In the entries that follow, the lines from the line containing "Used 2023 Bright" up to and including the line containing "14K Gelbgold Diamant" must be copied exactly, with pictures omitted.

##### DATA #####

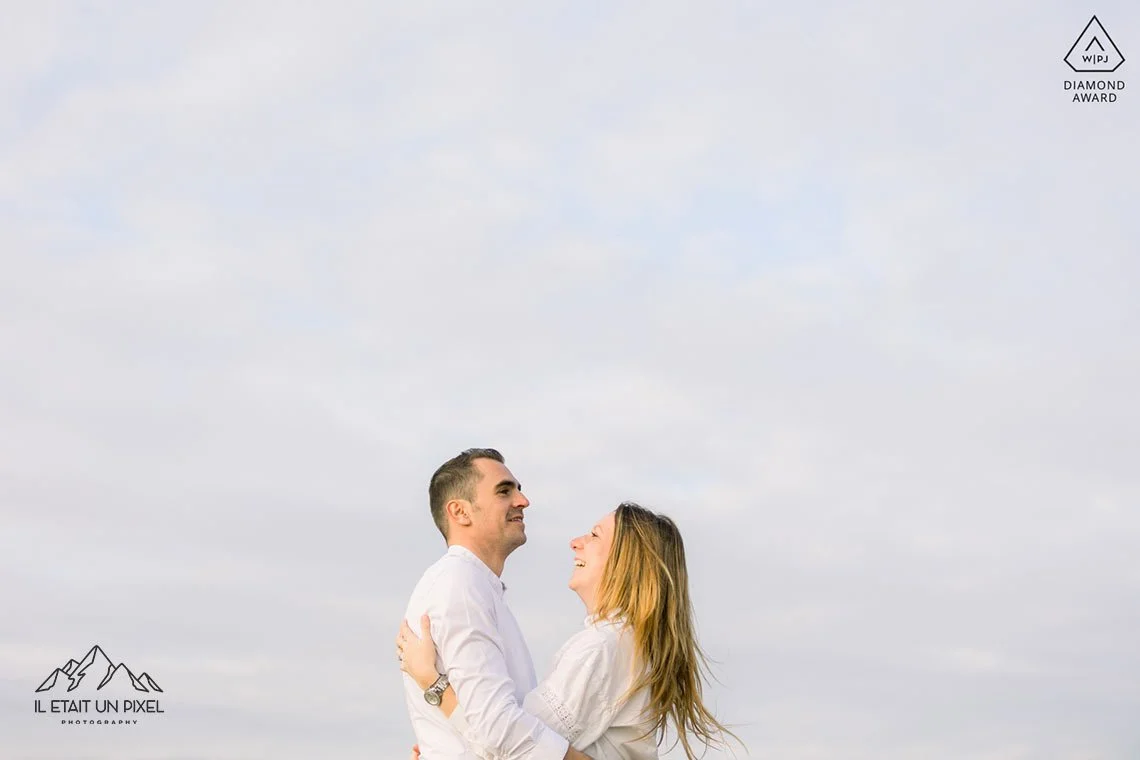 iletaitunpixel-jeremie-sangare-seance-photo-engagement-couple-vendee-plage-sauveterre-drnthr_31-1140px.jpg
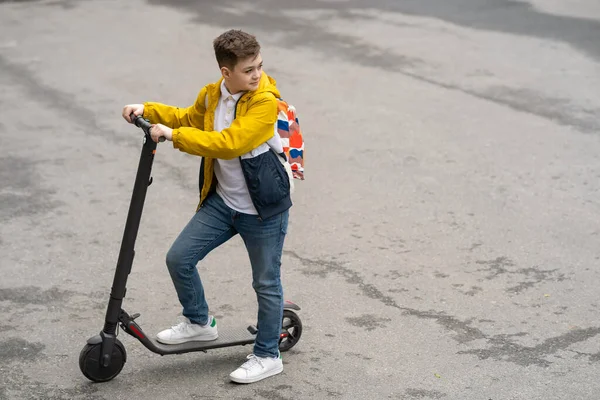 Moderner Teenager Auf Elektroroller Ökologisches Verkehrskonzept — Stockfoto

#####
##### DATA #####

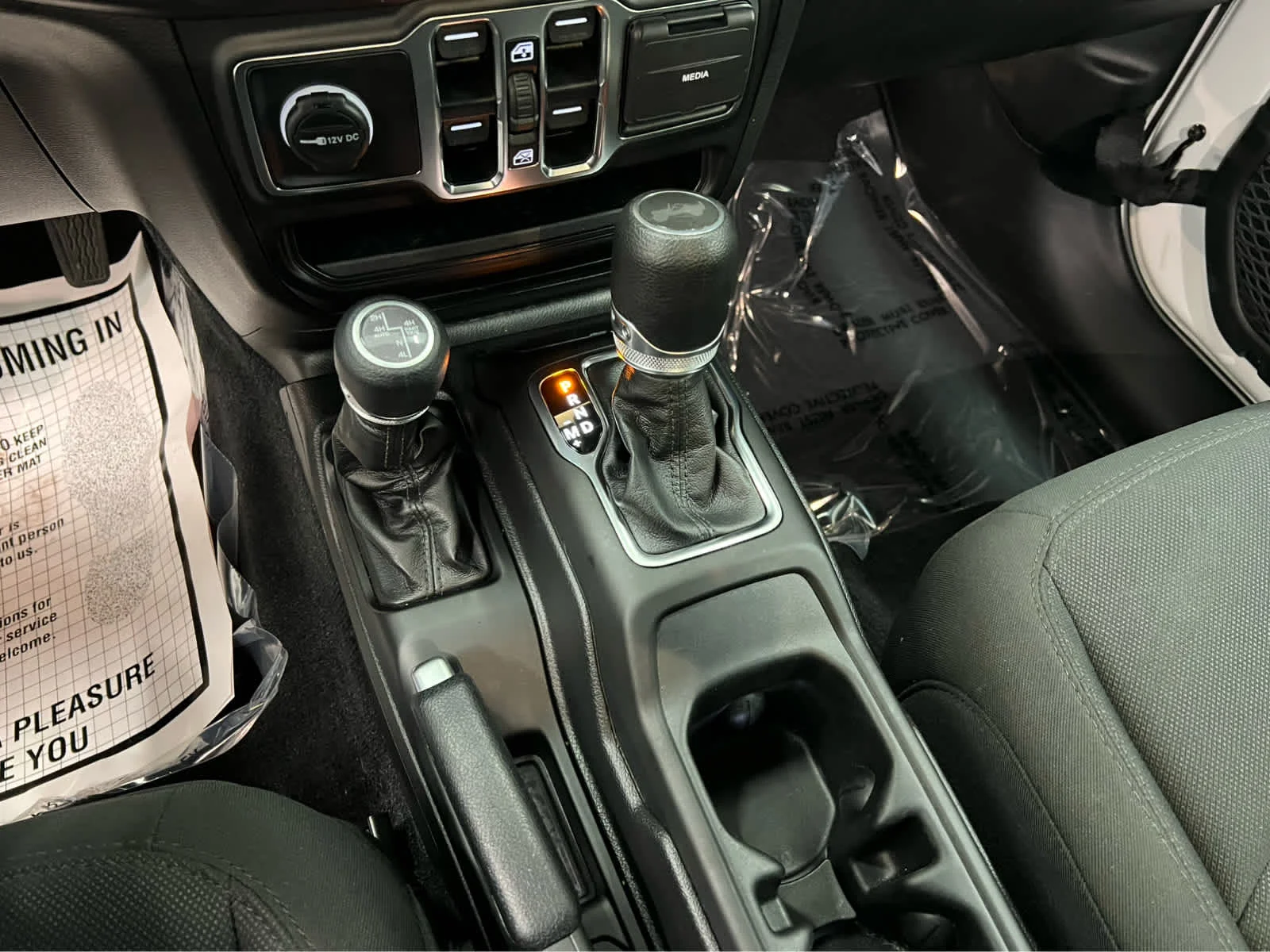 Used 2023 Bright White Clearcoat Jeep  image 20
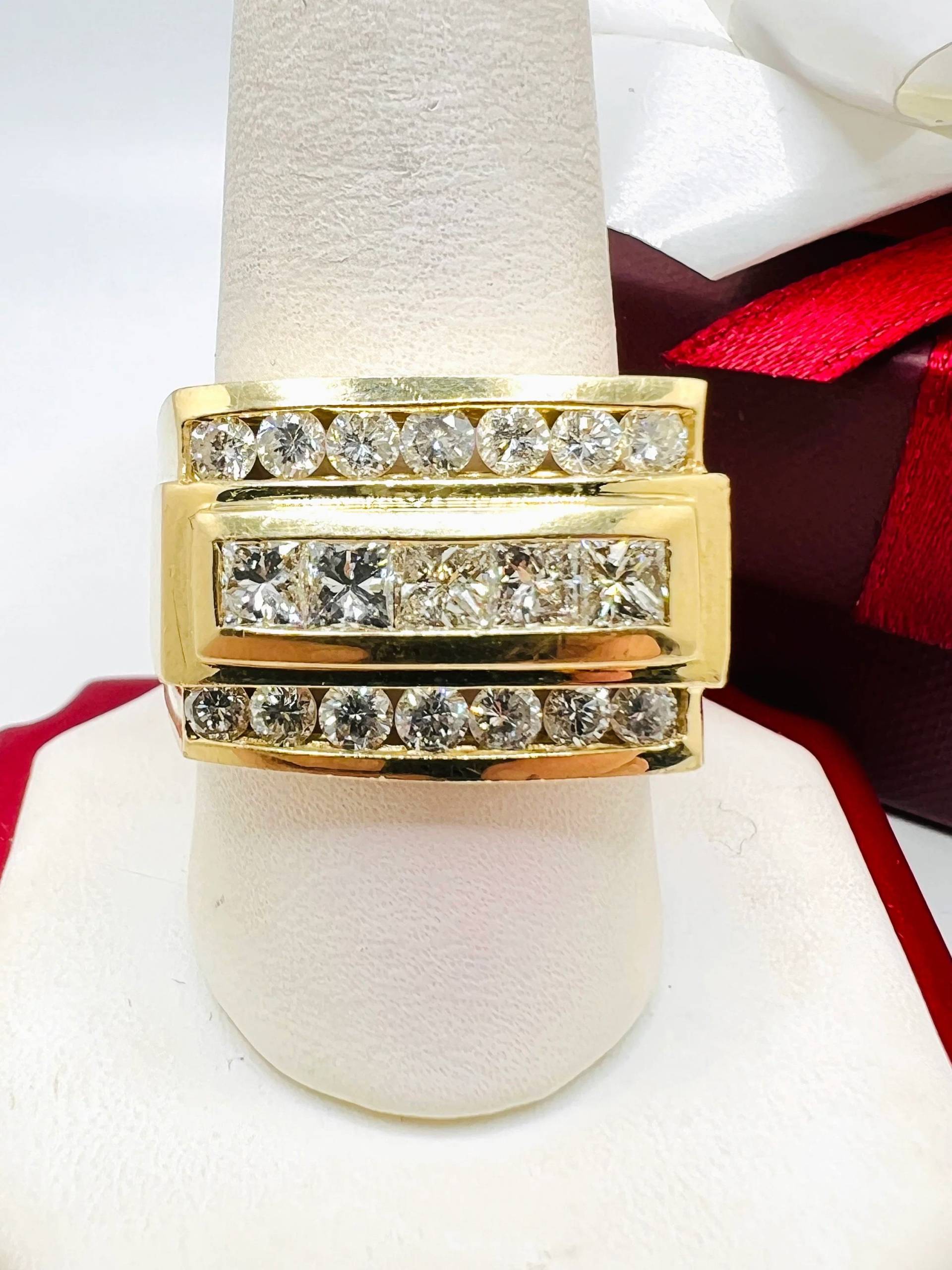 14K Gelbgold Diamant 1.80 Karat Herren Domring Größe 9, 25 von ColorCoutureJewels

#####
##### DATA #####

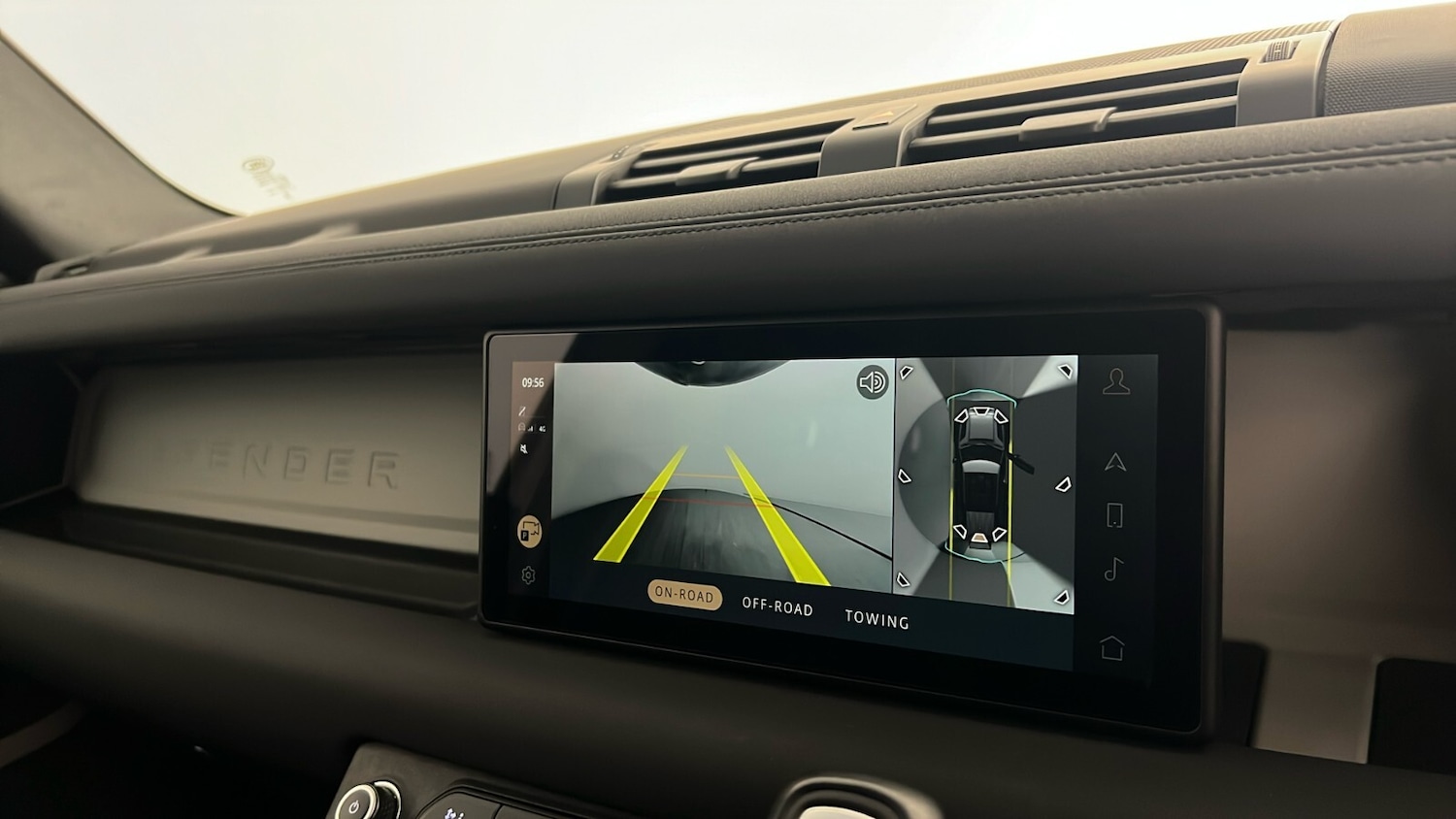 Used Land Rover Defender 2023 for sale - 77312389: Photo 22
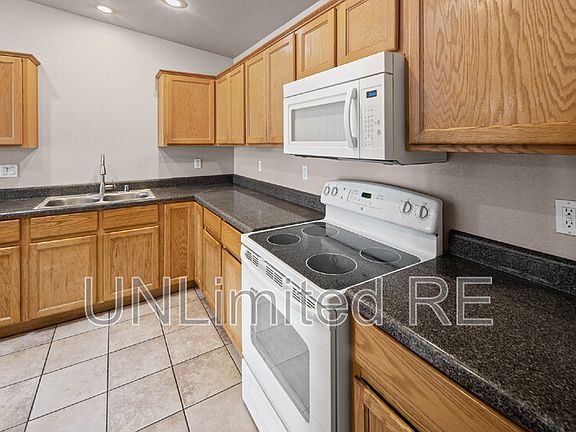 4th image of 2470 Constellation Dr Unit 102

#####

RESPONSE BOX:
 Used 2023 Bright White Clearcoat Jeep  image 20
 14K Gelbgold Diamant 1.80 Karat Herren Domring Größe 9, 25 von ColorCoutureJewels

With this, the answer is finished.